Strategic Data Oversight
& Decision De-Risking
Transforming raw analytics into scalable business intelligence by neutralizing the hidden methodological risks that compromise growth.
Core Business Services
A/B Test Verification & Experiment Audits
Ensuring that product pivots and marketing shifts are based on "true signal" rather than statistical noise. This service audits the integrity of experiment logs to prevent costly investments in "false winners."
Sensitivity & Power Validation
Many A/B tests are called too early or run on underpowered samples, leading to "winners" that disappear at scale. Forensic auditing ensures that sample sizes and effect thresholds are mathematically sound before capital is deployed.
Selection Bias & Segment Control
Automated dashboards often overlook "Simpson’s Paradox" and other segment-level biases.
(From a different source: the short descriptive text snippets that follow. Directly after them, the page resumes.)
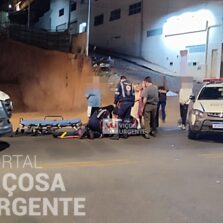 Pedestre e motociclista ficam feridos após atropelamento na Castello Branco, em Viçosa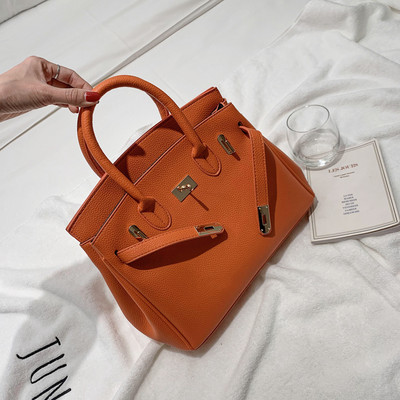 Κλασική γυναικεία τσάντα από οικολογικό δέρμα με μεταλλική αγκράφα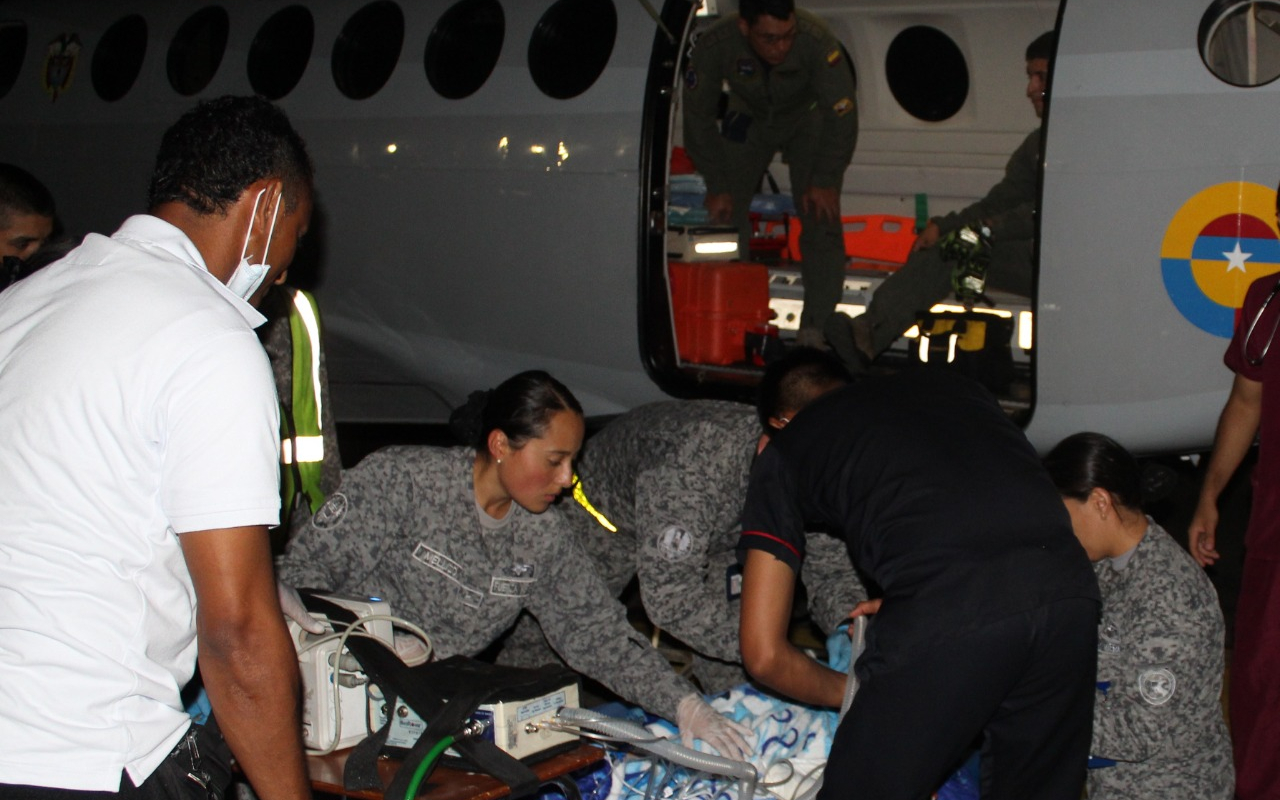 Fuerza Aérea realiza traslado aeromédico de una menor de 13 años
Independent oversight identifies whether a conversion lift is universal or merely a byproduct of skewed user demographics.
External Validity Assessment
Verifying that experiment results are likely to replicate across the entire user base, not just the specific conditions of the test environment.
Retention & Churn
Forensic Analysis
Moving beyond "vanity metrics" to identify the actual drivers of user lifetime value. Using advanced survival analysis to predict—and prevent—customer loss.
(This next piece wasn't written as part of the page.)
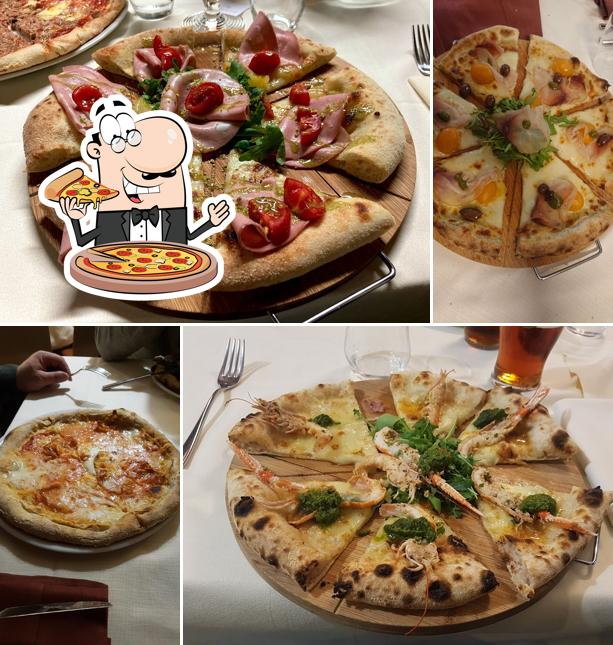 Scegli una pizza a Ristorante Oasis Da Antonello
Predictive Signal Auditing
Standard churn models often mistake correlation for causation. This process stress-tests predictive models to ensure they are identifying the reasons for churn, allowing for high-precision interventions.
Longitudinal Cohort Modeling
Applying psychological statistics to track user behavior over time. This distinguishes between "early-adopter fatigue" and systemic product friction, providing a roadmap for sustainable retention.
LTV Calibration
Auditing the math behind Lifetime Value projections to ensure growth strategies are built on realistic, risk-adjusted data rather than overly optimistic historical averages.
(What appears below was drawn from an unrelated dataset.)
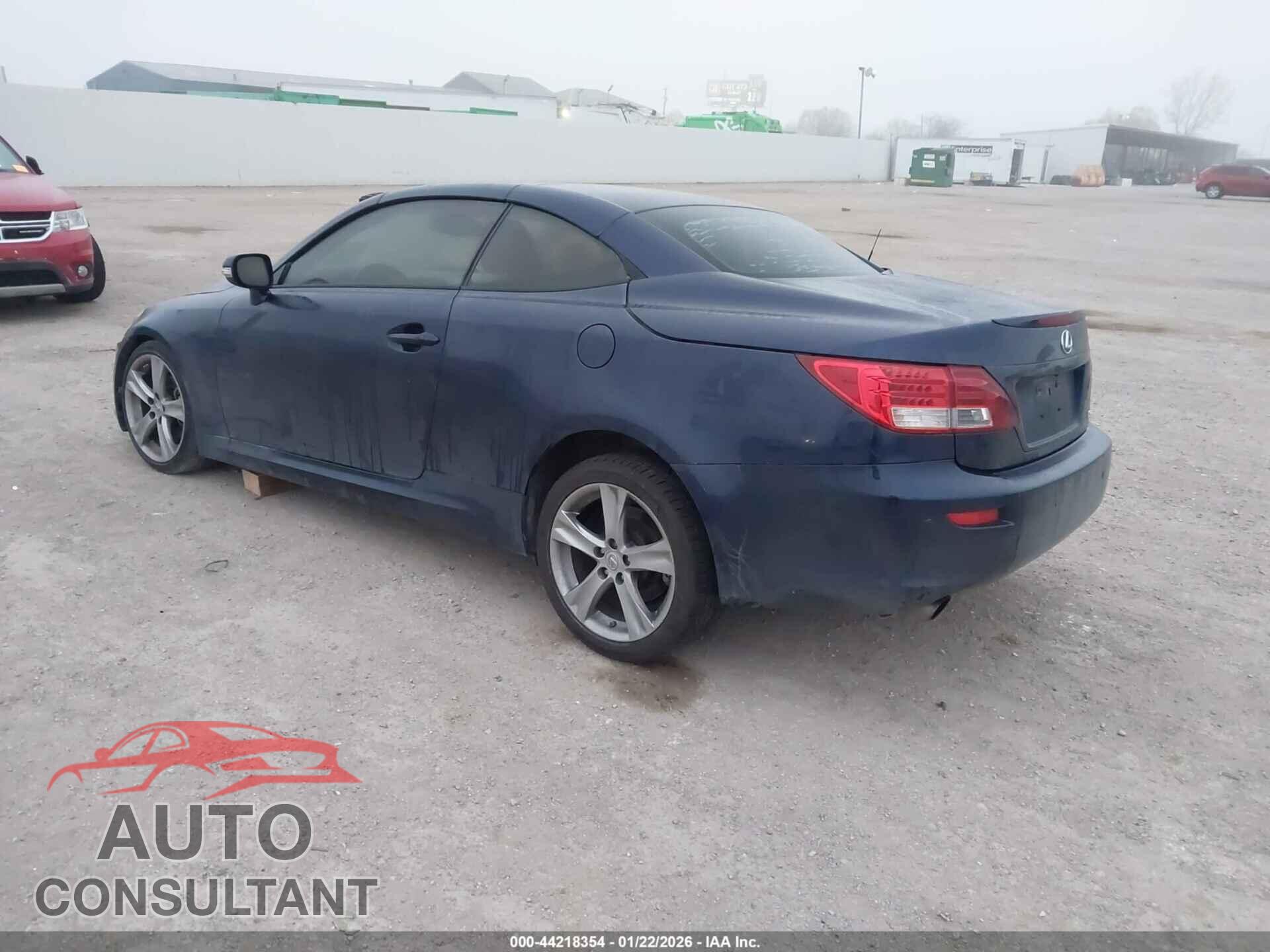LEXUS IS 250C 2012 - JTHFF2C20C2521924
AI & LLM Output Validation
Providing a human-led "Methodological Firewall" for organizations utilizing automated data insights. Preventing "hallucinated" strategies by verifying the logic behind AI-generated analytics.
Algorithmic Truth-Checking
AI tools are prone to "hallucinating" correlations that do not exist. Independent forensic review validates the statistical foundations of AI outputs, ensuring that executive decisions are based on objective reality.
Prompt & Logic Auditing
Ensuring that the queries and logic used to extract data via AI are psychometrically sound. This prevents "Garbage In, Garbage Out" scenarios where biased prompts lead to flawed business conclusions.
Bias Detection in Automated Models
Identifying hidden biases in automated decision-making engines that could lead to reputational risk or inefficient resource allocation.
Strategic Data Retainer for Founders
Providing on-call Methodological Oversight for high-stakes strategic pivots, fundraising rounds, and product launches.
Due Diligence Support
Assisting founders during the due diligence process by providing a "Seal of Data Integrity" for their growth metrics. This level of rigor provides VCs and investors with confidence in the reported traction.
The "Methodologist-in-Residence"
Serving as a fractional Chief Data Officer or Methodological Lead. This ensures that as a company scales, its data infrastructure remains robust, reproducible, and audit-ready.
Stop guessing.
Start knowing.
The Business Advantage: Signal, Scalability, and Profit
In the high-stakes environment of a growing company, an error in data is an error in capital allocation. This consultancy provides the specialized oversight required to distinguish between a lucky streak and a scalable trend.
Decision De-Risking: Every recommendation is focused on reducing the "Cost of Being Wrong." By identifying hidden design flaws in data collection, organizations avoid the expensive mistake of scaling a product or campaign based on a false positive.
Beyond the Dashboard: Automated tools tell you what happened; forensic oversight explains why it happened. This transition from descriptive to causal understanding is the difference between reactive management and proactive strategy.
Operational Integrity: By maintaining a "firewall" between data generation and analysis, this service provides the objective truth necessary for boards and investors. Independent validation strengthens trust and justifies aggressive growth moves.
Precision Efficiency: Resources are finite. Methodological auditing ensures that time and money are spent on the 20% of data signals that drive 80% of the results, stripping away the noise that distracts management teams.